## PROBLEM STATEMENT
Within the entries below, please return exactly the lines from the one with "[기획-청소년 마음건강] 정신건강 도움 요청한 아동청소년 3년간 76% 급증" through the one with "Graphe de la", leaving out any pictures.

## PROVIDED INFORMATION
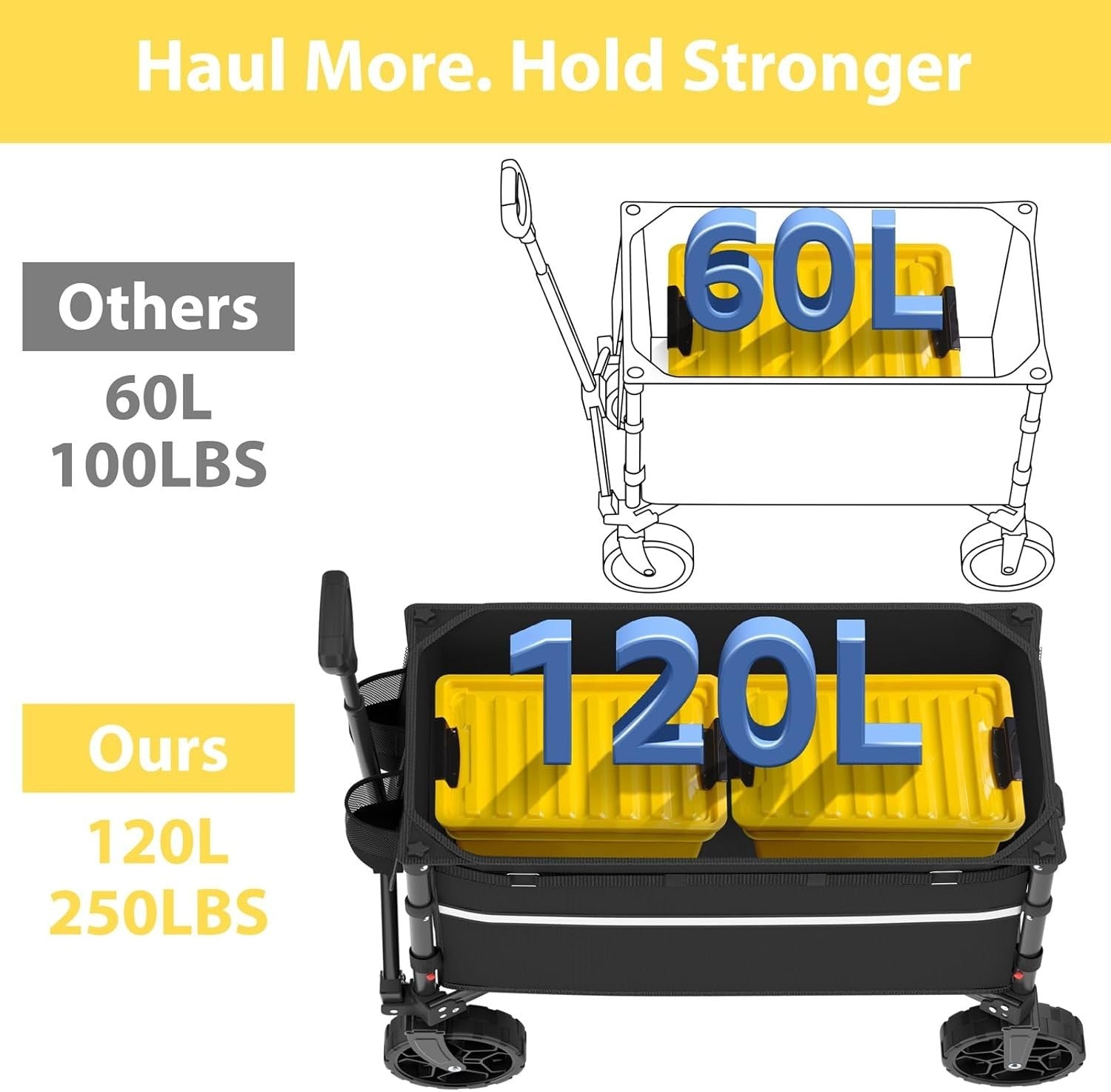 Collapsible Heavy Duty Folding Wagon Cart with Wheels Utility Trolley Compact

...

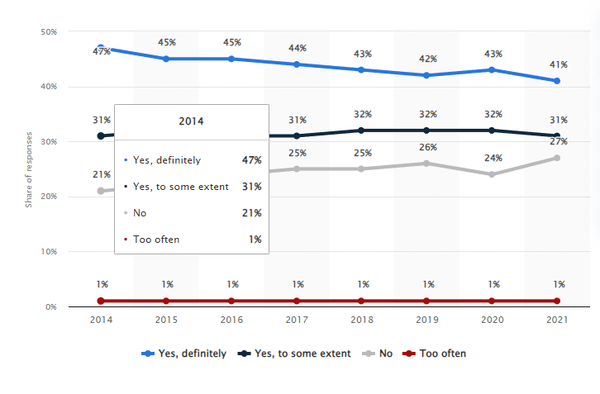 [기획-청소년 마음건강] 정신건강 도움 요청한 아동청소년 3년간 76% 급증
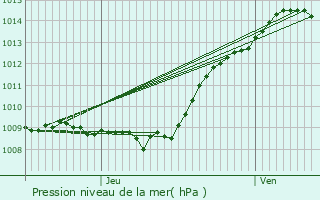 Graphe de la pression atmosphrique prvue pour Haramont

--

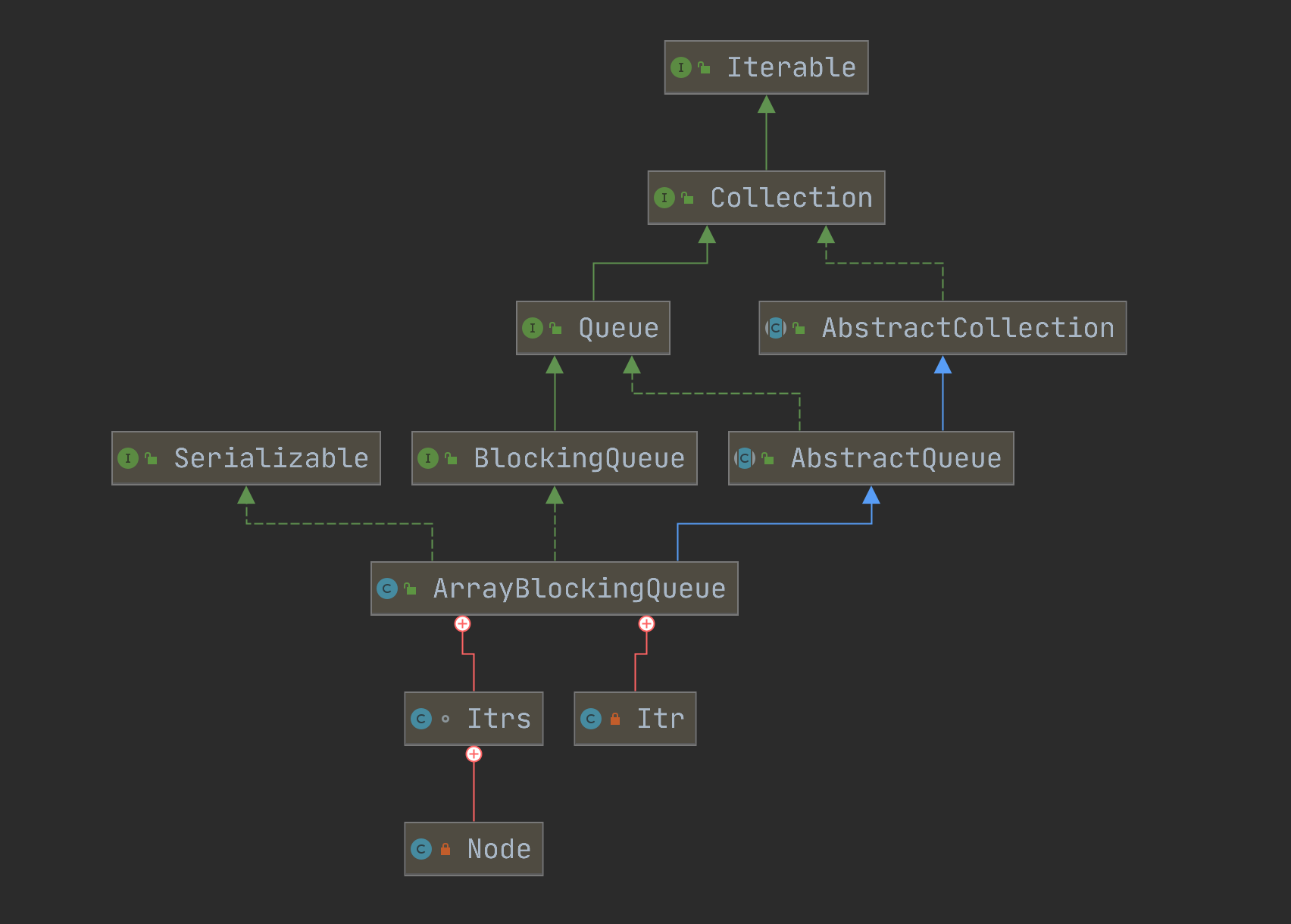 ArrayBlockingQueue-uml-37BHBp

## RESPONSE
 [기획-청소년 마음건강] 정신건강 도움 요청한 아동청소년 3년간 76% 급증
 Graphe de la pression atmosphrique prvue pour Haramont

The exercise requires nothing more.